Recommendations to increase Europe’s API production
In their joint paper on European API production, Medicines for Europe and the EFCG said that financial, policy, and administrative support mechanisms are necessary to maintain API production in Europe and to drive relocation. It made several recommendations that would support API production in Europe as outlined below.

Investment enhancement. Medicines for Europe and the EFCG are calling on national governments in Europe and the EU to support investments that stimulate the construction or modernization of production facilities and the adoption of innovative manufacturing technologies.
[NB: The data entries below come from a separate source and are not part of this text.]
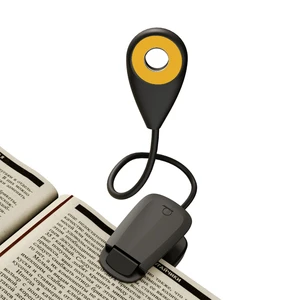 Timing Function Book Lamp No Blu-Ray Mini Usb Rechargeable Book Reading Light in Bed Clip on Led Book Light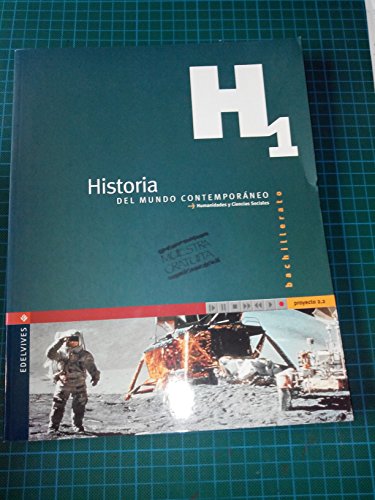 Beispielbild fr Historia Del Mundo Contemporneo Humanidades y Ciencias Sociales zum Verkauf von Hamelyn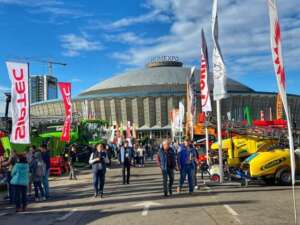 INDAGRA & INDAGRA FOOD 2023. Peste 36.000 de vizitatori au participat la (r)evoluția digitală din agricultură și industria alimentară 13 INDAGRA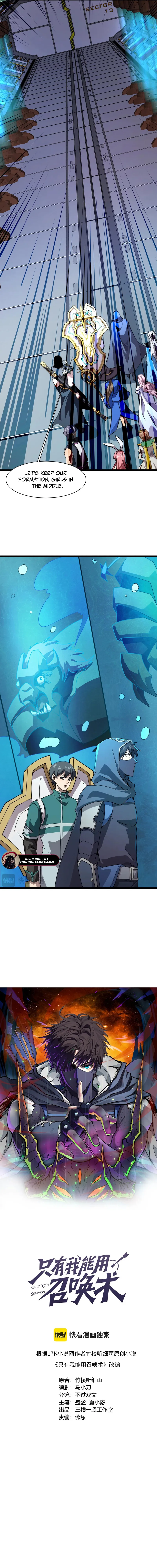 The Lone SSS-Class Summoner Chapter 166 45 02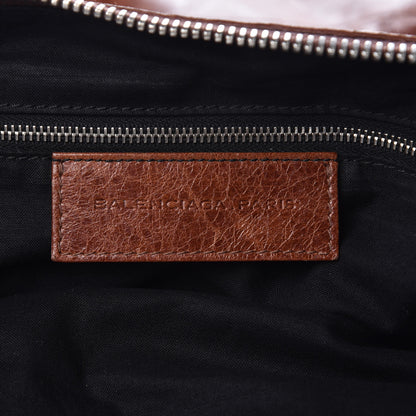 Balenciaga Agneau Giant 21 Silver Hardware Day Hobo Sienna 6 of 14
From a mainly small- and medium-enterprise base, they note that API production involves technology and dedicated production lines with investments of between EUR 50 million ($52 million) and EUR 180 million ($187 million) per infrastructure and a completion time frame of three to six years. They say that elaboration of a financial–legislative framework for API investment in Europe would accelerate the re-location of production and prevent the extinction of current activities.

Support for competitive pricing. The industry groups also say that public funding schemes from EU member states and at an EU level can bring about a competitive environment by using, for example, mechanisms modelled on agricultural policy subsidies. They also say that public funding schemes should also be available for hiring staff and for training in the skills needed for high-quality European API production.

Environmental protection. By financially incentivizing and rewarding expenditures on environmentally friendly manufacturing, Medicines for Europe and the EFCG say that the EU would encourage industry to accelerate investment in Europe and that would further facilitate the EU’s Green Transition. They also say that the EU should also talk to other regions to ensure that all work cooperatively to minimize environmental impact and climate change.

Lighter and faster administrative procedures. Medicines for Europe and the EFCG are also calling for more time- and cost-efficient administrative procedures. They are recommending the following: fast-tracking approval for sustainable processing technologies such as new environmentally friendly synthesis routes; and digitalization of regulatory processes such as processes for registration and filing of changes in substances and procedures.

Non legislative support measures. They are also recommending that authorities in reimbursement and procurement policy for medicines move toward using non-price-related criteria, such as backward integration of raw materials and intermediates, process innovations and improvements, and social and environmental factors, to reward the production of APIs in Europe.

They are also calling for new pricing policies for mature drugs in order to ensure their supply. “Reimbursement decision makers should recognize that the pressure on the price of mature molecules and the successive price cuts have their limitations,” said Medicines for Europe and the EFCG in their joint paper. “Price erosion should not be allowed to go beyond the point where production is no longer financially viable.”

They say that a pricing doctrine for mature drugs should be adapted to reflect their industrial, environmental, and social benefits and their role in maintaining security of supply and increasing access to medicines. They are calling for a threshold price for mature medicines that takes into consideration the over-consolidation of API production. They say where this is demonstrated, payers could introduce changes to the generic reference price system, similar to the Canadian “ladder” model.